Nepal Script Text Recognition from Ancient Artifacts: Challenges and Opportunities
Proceedings of the Fifteenth Language Resources and Evaluation Conference (LREC 2026)
Abstract
Nepal Script, a script of significant linguistic, historical, and cultural importance, can be found in ancient artifacts in Nepal. As this script has faced a decline in use, it is considered among endangered scripts at present. For its revival and preservation, it is important to digitize ancient artifacts written in Nepal Script and create an accessible digital dataset. Among such artifacts are stone inscriptions, and manuscripts, from which we attempt to recognize texts using Artificial Intelligence techniques.
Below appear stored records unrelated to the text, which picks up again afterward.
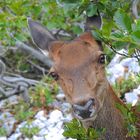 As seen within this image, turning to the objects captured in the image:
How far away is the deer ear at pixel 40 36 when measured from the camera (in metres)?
5.68

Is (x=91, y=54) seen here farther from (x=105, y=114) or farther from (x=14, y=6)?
(x=14, y=6)

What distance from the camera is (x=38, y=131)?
8148 millimetres

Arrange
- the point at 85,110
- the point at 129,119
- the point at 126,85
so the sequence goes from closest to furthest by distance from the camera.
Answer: the point at 85,110
the point at 129,119
the point at 126,85

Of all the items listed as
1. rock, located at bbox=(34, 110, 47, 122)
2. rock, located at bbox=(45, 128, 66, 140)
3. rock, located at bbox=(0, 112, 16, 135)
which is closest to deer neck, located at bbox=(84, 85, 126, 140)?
rock, located at bbox=(45, 128, 66, 140)

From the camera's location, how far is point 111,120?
17.7 ft

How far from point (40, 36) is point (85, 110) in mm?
1375

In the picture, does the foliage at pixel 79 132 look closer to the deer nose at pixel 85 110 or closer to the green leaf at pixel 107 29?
the deer nose at pixel 85 110

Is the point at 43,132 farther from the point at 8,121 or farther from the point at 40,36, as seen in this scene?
the point at 40,36

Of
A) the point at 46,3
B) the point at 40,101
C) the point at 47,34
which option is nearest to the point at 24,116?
the point at 40,101


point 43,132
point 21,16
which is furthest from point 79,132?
point 43,132

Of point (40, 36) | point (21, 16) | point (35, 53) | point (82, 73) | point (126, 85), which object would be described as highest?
point (82, 73)

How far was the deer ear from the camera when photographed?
568 cm

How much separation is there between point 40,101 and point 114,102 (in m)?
3.72

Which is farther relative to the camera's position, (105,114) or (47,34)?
(47,34) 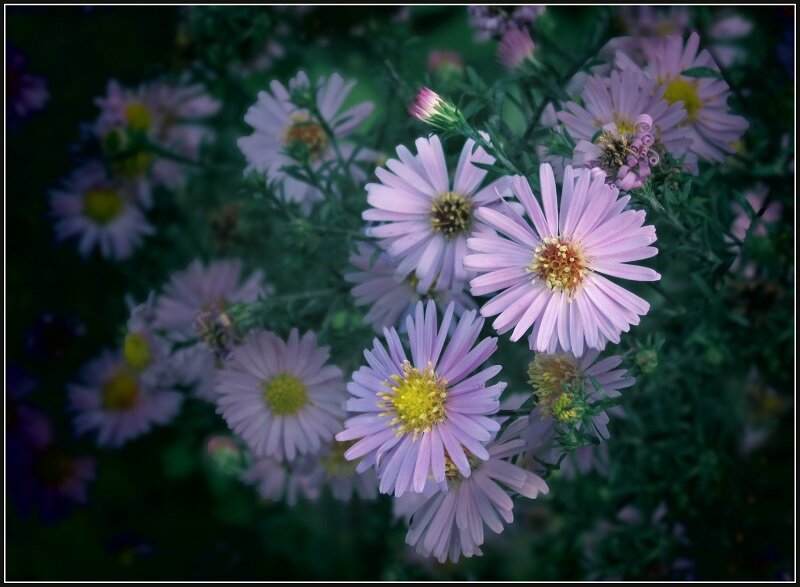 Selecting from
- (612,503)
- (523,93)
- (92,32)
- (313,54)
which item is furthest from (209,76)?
(612,503)

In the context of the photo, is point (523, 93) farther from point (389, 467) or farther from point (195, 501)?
point (195, 501)

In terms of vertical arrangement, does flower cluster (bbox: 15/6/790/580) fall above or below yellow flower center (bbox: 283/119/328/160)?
below

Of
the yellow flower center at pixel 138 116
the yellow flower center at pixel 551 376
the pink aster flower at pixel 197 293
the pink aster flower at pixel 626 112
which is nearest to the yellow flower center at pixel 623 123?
the pink aster flower at pixel 626 112

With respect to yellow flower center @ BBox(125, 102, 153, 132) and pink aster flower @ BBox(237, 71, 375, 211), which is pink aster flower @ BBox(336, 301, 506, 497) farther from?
yellow flower center @ BBox(125, 102, 153, 132)

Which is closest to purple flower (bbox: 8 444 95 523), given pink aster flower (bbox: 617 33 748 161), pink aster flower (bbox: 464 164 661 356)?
pink aster flower (bbox: 464 164 661 356)

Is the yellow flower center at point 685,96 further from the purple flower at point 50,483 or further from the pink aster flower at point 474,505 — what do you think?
the purple flower at point 50,483

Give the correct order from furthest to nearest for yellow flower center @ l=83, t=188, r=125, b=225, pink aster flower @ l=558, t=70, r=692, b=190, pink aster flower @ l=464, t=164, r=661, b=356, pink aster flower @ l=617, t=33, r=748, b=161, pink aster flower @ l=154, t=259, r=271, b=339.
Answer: yellow flower center @ l=83, t=188, r=125, b=225 → pink aster flower @ l=154, t=259, r=271, b=339 → pink aster flower @ l=617, t=33, r=748, b=161 → pink aster flower @ l=558, t=70, r=692, b=190 → pink aster flower @ l=464, t=164, r=661, b=356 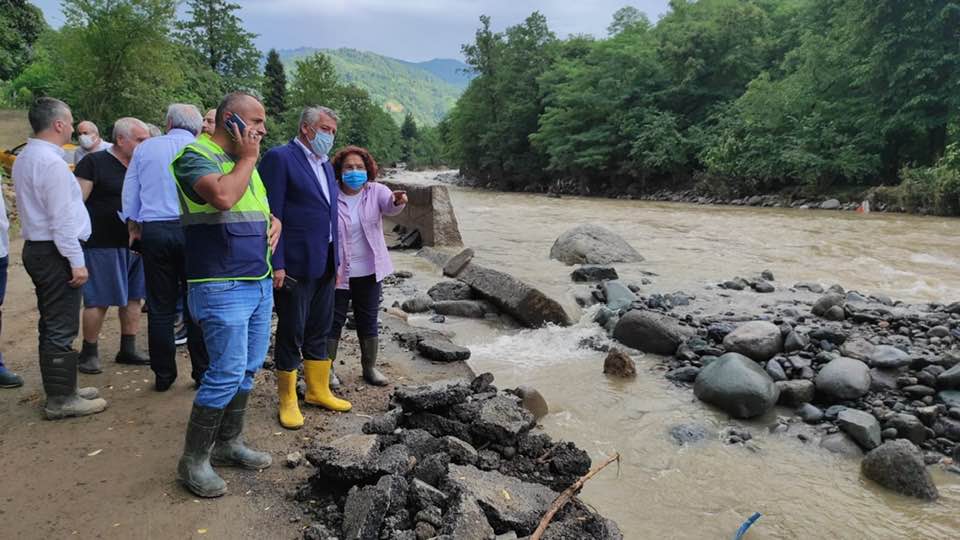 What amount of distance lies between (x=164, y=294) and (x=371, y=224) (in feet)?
5.18

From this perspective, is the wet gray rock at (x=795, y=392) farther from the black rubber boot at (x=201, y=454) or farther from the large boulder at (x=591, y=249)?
the large boulder at (x=591, y=249)

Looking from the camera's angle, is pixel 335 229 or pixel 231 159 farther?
pixel 335 229

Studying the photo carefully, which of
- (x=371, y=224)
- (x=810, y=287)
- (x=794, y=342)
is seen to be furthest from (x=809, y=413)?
(x=810, y=287)

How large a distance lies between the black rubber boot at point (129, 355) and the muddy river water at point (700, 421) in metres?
3.15

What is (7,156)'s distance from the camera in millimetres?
6086

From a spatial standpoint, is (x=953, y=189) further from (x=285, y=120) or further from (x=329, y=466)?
(x=285, y=120)

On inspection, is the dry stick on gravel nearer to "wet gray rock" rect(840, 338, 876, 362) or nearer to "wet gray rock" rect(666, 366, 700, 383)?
"wet gray rock" rect(666, 366, 700, 383)

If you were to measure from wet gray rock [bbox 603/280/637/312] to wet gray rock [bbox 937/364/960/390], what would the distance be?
366 centimetres

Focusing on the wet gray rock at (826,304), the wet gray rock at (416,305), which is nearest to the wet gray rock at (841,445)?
the wet gray rock at (826,304)

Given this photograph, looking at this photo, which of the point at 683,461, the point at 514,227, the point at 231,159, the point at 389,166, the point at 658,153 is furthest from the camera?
the point at 389,166

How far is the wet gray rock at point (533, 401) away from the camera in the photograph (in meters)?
5.00

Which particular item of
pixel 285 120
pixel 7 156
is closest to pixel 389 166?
pixel 285 120

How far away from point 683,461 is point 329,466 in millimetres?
2722

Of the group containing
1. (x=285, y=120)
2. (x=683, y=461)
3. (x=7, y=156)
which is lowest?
(x=683, y=461) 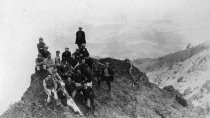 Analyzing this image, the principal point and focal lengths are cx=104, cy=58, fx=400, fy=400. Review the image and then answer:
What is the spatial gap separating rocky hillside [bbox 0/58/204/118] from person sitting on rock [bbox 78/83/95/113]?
0.40m

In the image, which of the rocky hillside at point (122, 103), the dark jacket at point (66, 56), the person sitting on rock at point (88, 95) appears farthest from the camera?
the dark jacket at point (66, 56)

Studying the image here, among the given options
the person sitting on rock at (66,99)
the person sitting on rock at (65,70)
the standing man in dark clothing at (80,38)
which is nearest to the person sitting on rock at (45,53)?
the person sitting on rock at (65,70)

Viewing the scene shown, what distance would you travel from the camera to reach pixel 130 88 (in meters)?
28.5

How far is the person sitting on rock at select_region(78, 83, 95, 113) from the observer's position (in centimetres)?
2134

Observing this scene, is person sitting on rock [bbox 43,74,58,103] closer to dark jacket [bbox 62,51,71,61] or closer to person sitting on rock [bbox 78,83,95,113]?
person sitting on rock [bbox 78,83,95,113]

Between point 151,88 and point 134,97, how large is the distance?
3606mm

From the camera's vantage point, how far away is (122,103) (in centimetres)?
2581

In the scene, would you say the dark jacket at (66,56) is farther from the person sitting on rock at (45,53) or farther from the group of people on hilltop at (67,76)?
the person sitting on rock at (45,53)

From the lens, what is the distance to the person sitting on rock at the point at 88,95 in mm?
21342

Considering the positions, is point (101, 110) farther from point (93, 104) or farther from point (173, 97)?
point (173, 97)

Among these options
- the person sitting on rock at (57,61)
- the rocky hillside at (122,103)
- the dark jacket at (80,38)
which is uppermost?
the dark jacket at (80,38)

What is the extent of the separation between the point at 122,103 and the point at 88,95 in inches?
191

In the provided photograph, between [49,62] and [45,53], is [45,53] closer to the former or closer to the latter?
[45,53]

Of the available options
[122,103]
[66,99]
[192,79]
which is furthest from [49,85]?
[192,79] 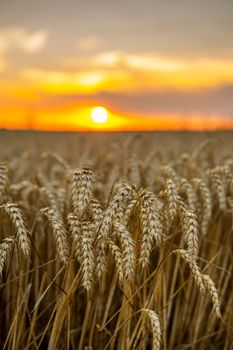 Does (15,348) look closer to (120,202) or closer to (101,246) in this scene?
(101,246)

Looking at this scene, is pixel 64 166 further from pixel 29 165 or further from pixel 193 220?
pixel 29 165

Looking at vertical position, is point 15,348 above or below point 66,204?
below

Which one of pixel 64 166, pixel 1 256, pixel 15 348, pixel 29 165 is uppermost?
pixel 29 165

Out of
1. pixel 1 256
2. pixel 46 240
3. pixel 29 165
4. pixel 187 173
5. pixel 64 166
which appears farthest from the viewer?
pixel 29 165

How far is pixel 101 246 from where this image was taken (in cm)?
203

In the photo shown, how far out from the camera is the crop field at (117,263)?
1.95 metres

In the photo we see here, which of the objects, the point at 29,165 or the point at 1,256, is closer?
the point at 1,256

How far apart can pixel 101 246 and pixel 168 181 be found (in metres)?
0.45

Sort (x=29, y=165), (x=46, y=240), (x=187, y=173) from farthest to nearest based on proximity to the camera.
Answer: (x=29, y=165) → (x=187, y=173) → (x=46, y=240)

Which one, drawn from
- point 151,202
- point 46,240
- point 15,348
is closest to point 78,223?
point 151,202

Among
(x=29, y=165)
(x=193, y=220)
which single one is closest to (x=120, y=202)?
(x=193, y=220)

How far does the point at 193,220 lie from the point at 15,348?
1.03 metres

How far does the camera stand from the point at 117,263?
194 centimetres

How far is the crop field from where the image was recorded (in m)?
1.95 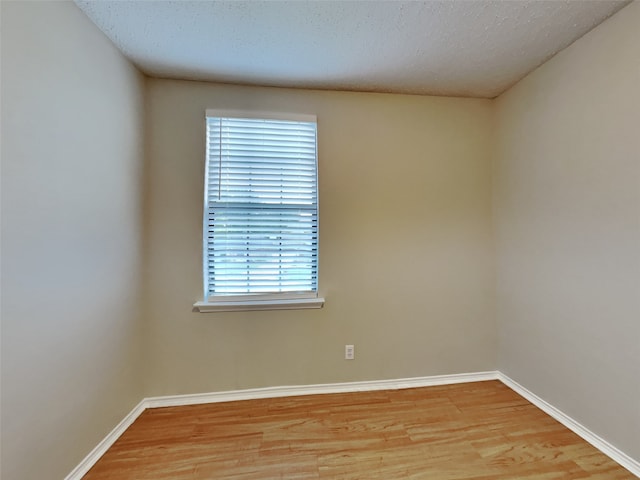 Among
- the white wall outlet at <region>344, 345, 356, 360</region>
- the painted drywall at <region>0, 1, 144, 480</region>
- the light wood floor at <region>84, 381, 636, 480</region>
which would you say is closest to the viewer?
the painted drywall at <region>0, 1, 144, 480</region>

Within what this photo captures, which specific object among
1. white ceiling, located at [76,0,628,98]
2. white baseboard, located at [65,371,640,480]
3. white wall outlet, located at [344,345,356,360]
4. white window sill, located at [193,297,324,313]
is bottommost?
white baseboard, located at [65,371,640,480]

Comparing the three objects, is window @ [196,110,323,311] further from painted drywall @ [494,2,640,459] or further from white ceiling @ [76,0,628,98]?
painted drywall @ [494,2,640,459]

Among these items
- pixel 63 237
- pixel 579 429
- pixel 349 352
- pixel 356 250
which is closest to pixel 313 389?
pixel 349 352

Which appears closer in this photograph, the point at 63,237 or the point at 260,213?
the point at 63,237

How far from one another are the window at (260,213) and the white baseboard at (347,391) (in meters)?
0.66

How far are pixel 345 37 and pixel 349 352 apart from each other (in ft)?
7.05

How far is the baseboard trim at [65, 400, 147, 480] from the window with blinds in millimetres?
868

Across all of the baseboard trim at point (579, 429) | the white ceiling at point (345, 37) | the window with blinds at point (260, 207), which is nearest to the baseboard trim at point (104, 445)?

This paper presents our approach of preparing a dataset through an extensive data acquisition method, and developing a system that recognizes Nepal Script texts from images. Our system combines the YOLOv8 algorithm with Convolutional Recurrent Neural Network architecture and Connectionist Temporal Classification loss. Our dataset consists of 5,219 text line images from ancient stone inscriptions, manuscripts, and modern handwritten and typed documents. Utilizing an augmented dataset of 41,752 samples, our system achieved 12.61% Character Error Rate. Despite the small training dataset, our model successfully predicted texts in not only new stone inscriptions and manuscripts but also wooden and copper plate inscriptions. We expect our contributions will encourage further research on Nepal Script and other Nepalese scripts.